Chinese people have their own culture when it comes to giving friends or relatives gifts. However, there are some taboos to avoid in Chinese culture. Though modern Chinese don't seem to mind them so much, it is still necessary to know what would be suitable in an occasion.

Many beliefs in the Chinese culture are based on cultural values, feng shui, and religious teachings. However, a fair amount of common beliefs are purely based on symbolism.

Items to Avoid in Chinese Gift Giving

Wok - A wok in colloquial Cantonese also means a small disaster, usually at home or in the office. Giving someone a wok symbolizes asking someone to take the blame for something that has gone wrong. In modern days, the frying pan is also avoided as a gift in Chinese culture because of its name in Chinese (a "flat-bottom" wok).

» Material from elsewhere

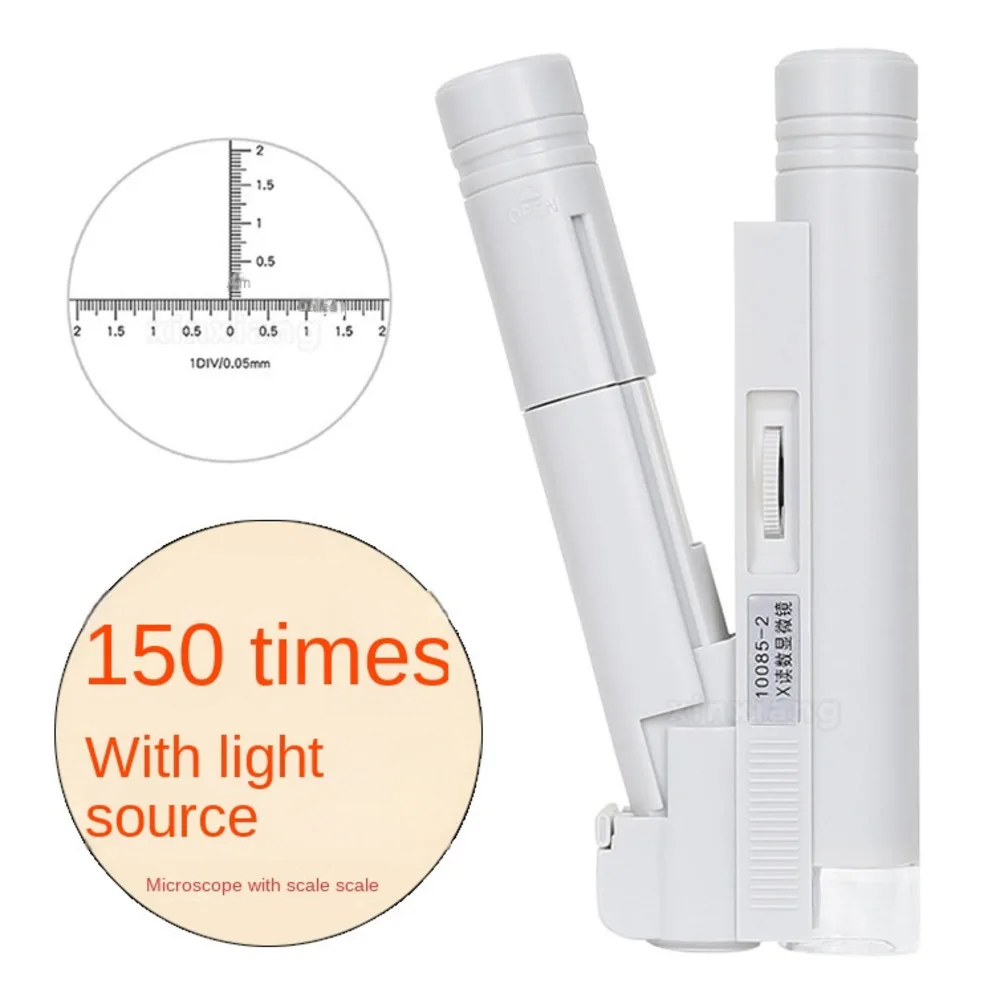 20pcs 150 Times Double Tube Graduated Measuring Microscope Led Lamp Magnifying Glass Antique Identification Paper Products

Clock - Clock bears the same sound as "the end" in both Cantonese and Mandarin. "Attending a funeral" of someone in Chinese is usually called "giving the end" of a person. Most people would naturally prefer not to be at the receiving end of someone giving a clock. Many people include wrist watches in the clock category when it comes to gift giving although the Chinese character for watch has a completely different sound than that of the character for clock.

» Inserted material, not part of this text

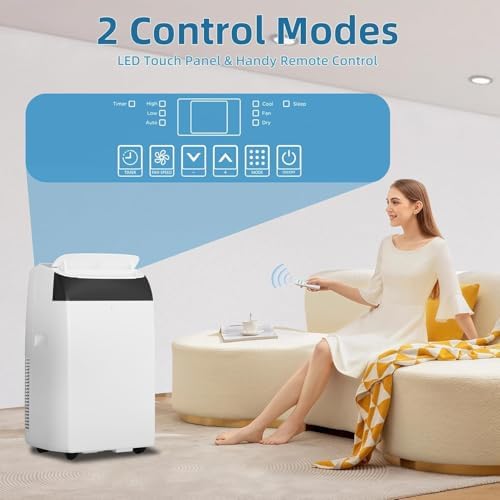 14,000 BTU Portable Air Conditioners, Portable AC Units for Rooms with Dehumidifier and Fan, Room Air Conditioner Cools Up To 750 Sq.Ft., Quiet Operation, Remote Control, White Cover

Shoes - Shoes bear the same sound as "rough" or "uneven" in colloquial Cantonese. Giving a pair of shoes to someone symbolizes wishing the recipient a rough road ahead. Remember, shoes include dress shoes, sandals, flip-flops, and runners.

Books would not be welcome in places like Hong Kong or Macau because the pronunciation of 'book' in Cantonese resembles the sound of 'loss'. Especially for those people who are frequent players in race course or Mark six, they would definitely not welcome this idea.

Umbrellas would not be welcome in most places in China because the pronunciation of 'umbrella' resembles separation. Of course nobody would like the idea of separation, particularly concerning your loved ones.

Never give sharp objects such as knives or scissors as they would signify the cutting of a relationship. As a gesture of friendship, if you do want to give these items as a gift, ask your friend to give you a very small amount of money, in return for this gift. By doing so, you would have 'sold' it to him rather than given it to him.

Eight is considered one of the luckiest numbers in Chinese culture. If you receive eight of any item, consider it a gesture of good will. Six is considered a blessing for smoothness and problem free advances. Four is a taboo because it means 'death.' Other numbers such as '73' meaning 'the funeral' and '84' meaning 'having accidents' are to be avoided.

If you want to give your friends some fruits, remember to buy an even number of them because odd numbers would bring bad luck. So buy 10 apples instead of 9.